Nella scia della polemica contro le riduzioni in senso pragmatista avallate dalla scuola dei sofisti, con Platone e più tardi con Aristotele la ricerca razionale intorno alle strutture portanti della realtà si sistematizzò in una teologia “naturale” che rivendicava il diritto di presentarsi come superamento critico delle religioni folklorizzate e come approdo a una “filosofia prima” ribattezzata, dalle generazioni successive ad Aristotele, in termini di “metafisica”.
Secondo Jaeger, è stato questo il vettore principale di sviluppo del lato più nobile e fecondo dell’umanesimo antico. La sua promozione del logos come via di accesso alla verità più profonda delle cose ha impregnato lo scenario in cui, più tardi, avvenne l’espansione della nuova forma di culto della verità germogliata dal retroterra ebraico. I maestri del cristianesimo delle origini si allearono ai filosofi greci per dare piena credibilità al loro messaggio dirompente, che scardinava le religioni antiche, e si può arrivare così a sostenere che, per “conquistare il mondo civilizzato” nella sua universalità, “il cristianesimo prese dalla teologia greca la forma razionale e dottrinale della propria teologia” (teologia per altro radicalmente rinnovata nel suo contenuto: teologia rivelata e reindirizzata come via di decifrazione dei misteri della salvezza, non più semplicemente frutto dell’elaborazione in chiave profetica della ragione umana).

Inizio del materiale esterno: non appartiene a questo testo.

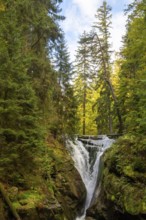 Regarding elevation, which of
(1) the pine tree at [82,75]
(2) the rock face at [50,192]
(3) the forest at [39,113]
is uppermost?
(1) the pine tree at [82,75]

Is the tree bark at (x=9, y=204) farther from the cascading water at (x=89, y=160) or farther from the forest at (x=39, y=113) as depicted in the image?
the cascading water at (x=89, y=160)

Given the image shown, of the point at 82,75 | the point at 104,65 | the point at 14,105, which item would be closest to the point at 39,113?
the point at 14,105

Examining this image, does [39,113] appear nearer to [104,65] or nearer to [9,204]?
[9,204]

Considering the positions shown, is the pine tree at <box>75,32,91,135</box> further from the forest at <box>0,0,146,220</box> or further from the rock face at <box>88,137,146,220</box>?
the rock face at <box>88,137,146,220</box>

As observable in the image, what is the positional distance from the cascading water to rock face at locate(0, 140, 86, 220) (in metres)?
0.63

Lo sfondamento della sophia antica nella dimensione del sovrasensibile che porta a compimento il desiderio dell’io non generato dalle sue forze autonome (un io dipendente: in ultima istanza, creato) ha continuato ad alimentare ciclici fenomeni di risveglio lungo tutta la storia successiva dei due millenni cristiani. Nella ricostruzione di Jaeger, la riemergenza forse più straordinaria del dialogo tra l’annuncio della fede e gli strumenti di comprensione della totalità del reale offerti dalla filosofia della tradizione classica coincise con la rinascita del XII-XIII secolo.

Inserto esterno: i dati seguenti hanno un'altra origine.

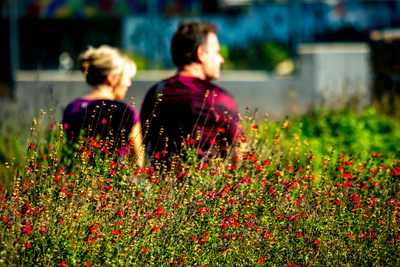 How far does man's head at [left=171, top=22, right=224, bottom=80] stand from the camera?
400cm

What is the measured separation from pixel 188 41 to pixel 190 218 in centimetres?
140

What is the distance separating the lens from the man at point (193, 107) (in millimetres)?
3727

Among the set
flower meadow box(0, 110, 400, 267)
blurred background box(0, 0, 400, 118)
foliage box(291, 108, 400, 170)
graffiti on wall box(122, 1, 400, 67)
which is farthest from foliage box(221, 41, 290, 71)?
flower meadow box(0, 110, 400, 267)

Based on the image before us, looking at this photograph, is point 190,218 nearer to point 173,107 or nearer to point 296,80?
point 173,107

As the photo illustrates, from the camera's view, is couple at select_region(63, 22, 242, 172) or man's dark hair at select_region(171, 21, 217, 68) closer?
couple at select_region(63, 22, 242, 172)

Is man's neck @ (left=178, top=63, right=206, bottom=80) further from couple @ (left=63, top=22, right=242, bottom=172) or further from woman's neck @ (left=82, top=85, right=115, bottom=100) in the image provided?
woman's neck @ (left=82, top=85, right=115, bottom=100)

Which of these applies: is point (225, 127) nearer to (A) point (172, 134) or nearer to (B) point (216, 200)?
(A) point (172, 134)

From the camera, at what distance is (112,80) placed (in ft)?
13.8

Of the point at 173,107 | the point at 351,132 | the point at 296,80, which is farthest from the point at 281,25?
the point at 173,107

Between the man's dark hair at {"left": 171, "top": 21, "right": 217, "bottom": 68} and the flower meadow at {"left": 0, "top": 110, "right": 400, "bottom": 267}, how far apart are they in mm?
770

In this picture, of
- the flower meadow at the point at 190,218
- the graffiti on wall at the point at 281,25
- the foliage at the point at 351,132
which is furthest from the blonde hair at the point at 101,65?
the graffiti on wall at the point at 281,25

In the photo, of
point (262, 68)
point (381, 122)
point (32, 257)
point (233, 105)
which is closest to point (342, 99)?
point (381, 122)

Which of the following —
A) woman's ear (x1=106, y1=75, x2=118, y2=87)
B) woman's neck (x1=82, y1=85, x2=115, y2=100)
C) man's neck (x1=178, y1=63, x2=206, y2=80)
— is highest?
man's neck (x1=178, y1=63, x2=206, y2=80)

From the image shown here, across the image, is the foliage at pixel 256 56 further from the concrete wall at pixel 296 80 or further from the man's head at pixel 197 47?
the man's head at pixel 197 47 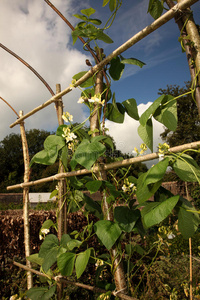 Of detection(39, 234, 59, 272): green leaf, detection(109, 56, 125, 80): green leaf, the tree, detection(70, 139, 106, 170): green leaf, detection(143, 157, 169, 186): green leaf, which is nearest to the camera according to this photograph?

In forte anticipo rispetto al Rinascimento della storiografia laica otto-novecentesca, la riscoperta del patrimonio dei testi di Aristotele e di altri esponenti di primo piano della scienza enciclopedica della civiltà greca e latina, con l’accostamento diretto alla loro lettera che dilatava sensibilmente la mediazione fino ad allora consentita dal filtro della cultura araba, creò i presupposti nel cui quadro il genio di Tommaso d’Aquino e altri pensatori del suo calibro poterono cimentarsi nell’allestimento di un nuovo sistema onnicomprensivo di pensiero in cui si fondevano, nell’unità della loro pur netta distinzione, ragione umana, filosofia, scienza del mondo “fisico” e apertura alla verità dell’Assoluto incardinata nella redenzione di Cristo.
Dante è il testimone autorevole che documenta come questo edificio costruito sull’alleanza tra fede e filosofia umana sia stato il grembo di una chiamata alla conversione di ogni soggetto umano. Il primato da riconoscere era quello della sua parentela con una matrice divina. Ricentrare la vita personale e il consorzio sociale su questo legame era l’unica sorgente affidabile della possibilità per l’uomo di “etternarsi” (Inferno, XV, 85).
L’adesione alla fede cristiana portava a piena realizzazione l’aspettativa di conoscenza del “Dio ignoto” alimentata dal senso religioso degli antichi, diventando l’architrave di una nuova prospettiva di civiltà. Più solida e credibile di quella immaginata da Platone nella sua Repubblica e nelle Leggi, ma che proclamava ancora di potersi fondare sull’ascolto della voce magistrale della ragione, spalancata alla globalità delle sue implicazioni più autentiche e radicali.